### YOUR OBJECTIVE
Restate word for word only the lines running from the one with "Migrantes cubanos en" to the end of the data, both ends included. Omit any pictures.

### DATASET EXCERPT
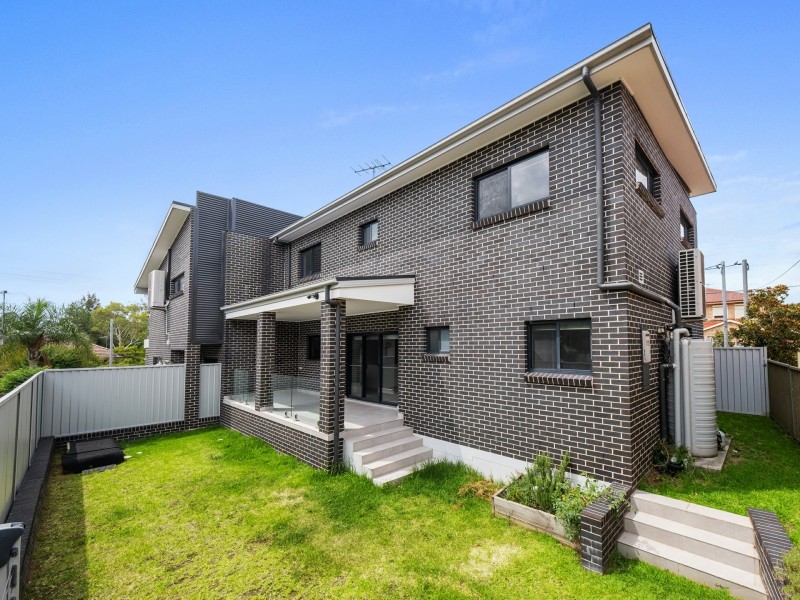 1B FLAMINGO PLACE, Pendle Hill NSW 2145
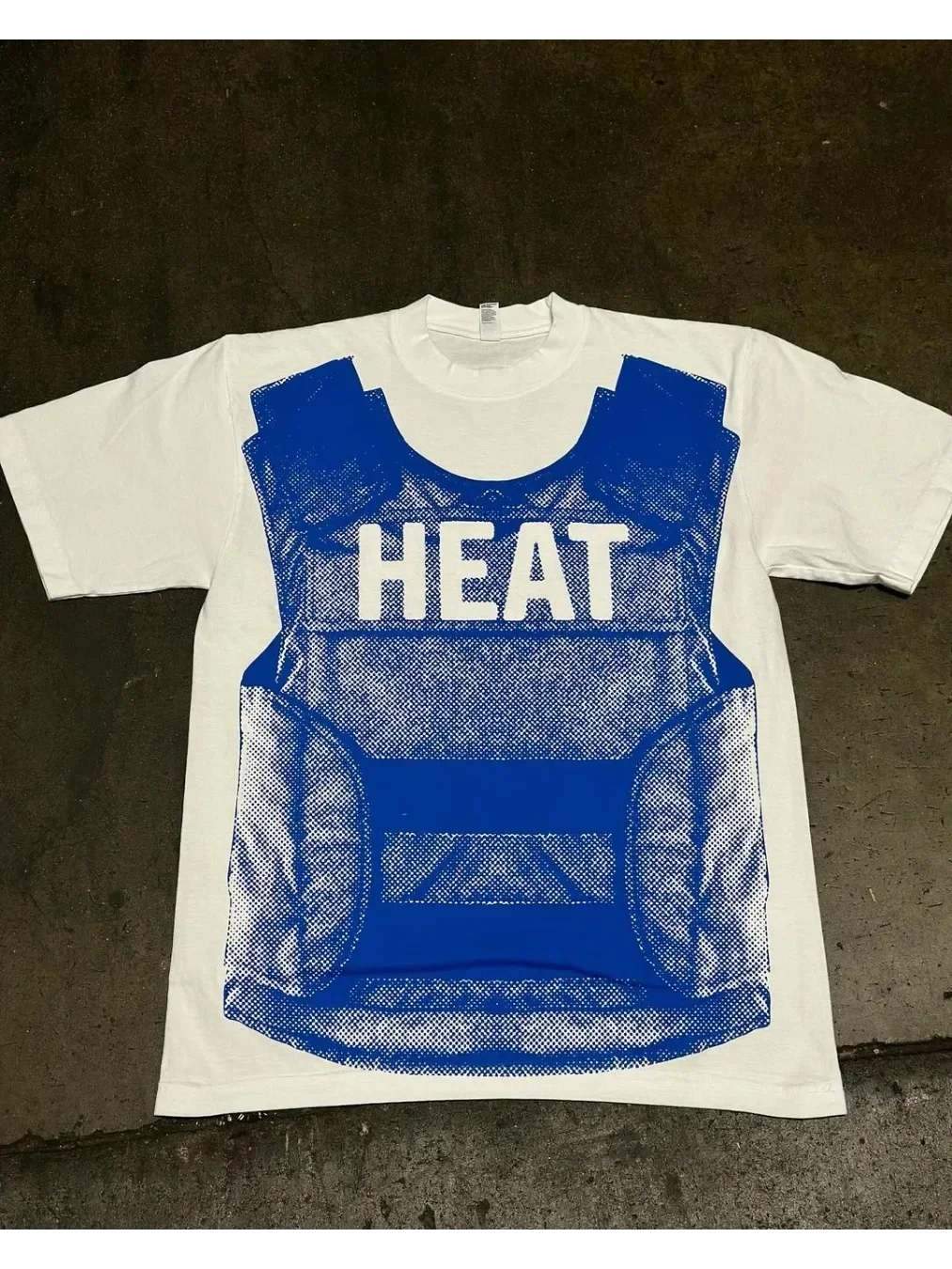 Рисунок 3 - Футболка мужская с принтом в виде Большого Лица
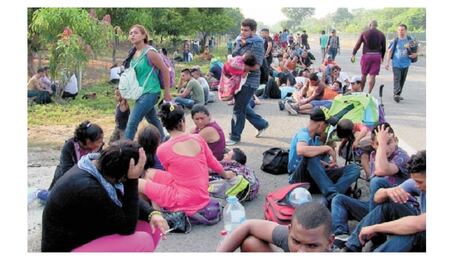 Migrantes cubanos en huelga de hambre; buscan salvoconducto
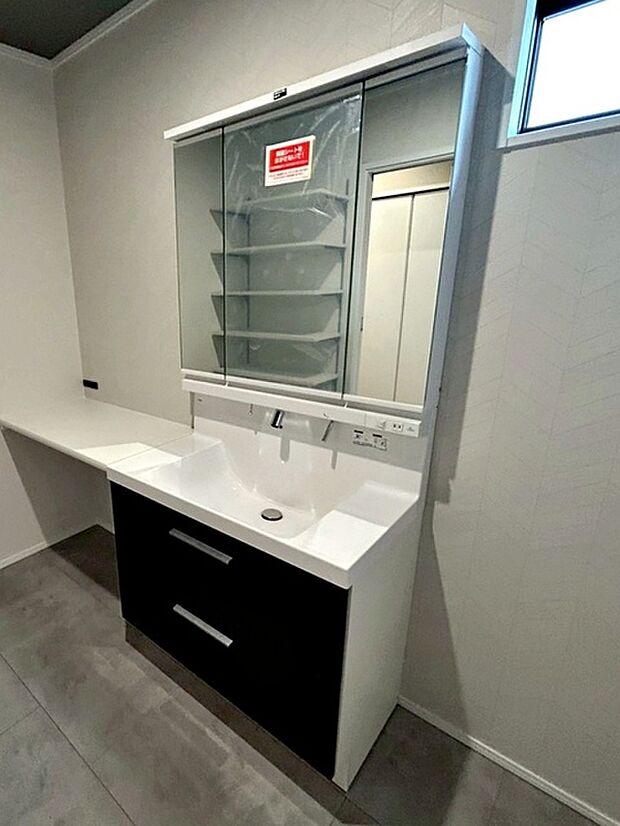 【洗面台】 収納力と機能性に優れた洗面台で、朝の忙しい時間でも身支度準備がスムーズにできます。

### EXERCISE SOLUTION
 Migrantes cubanos en huelga de hambre; buscan salvoconducto
 【洗面台】 収納力と機能性に優れた洗面台で、朝の忙しい時間でも身支度準備がスムーズにできます。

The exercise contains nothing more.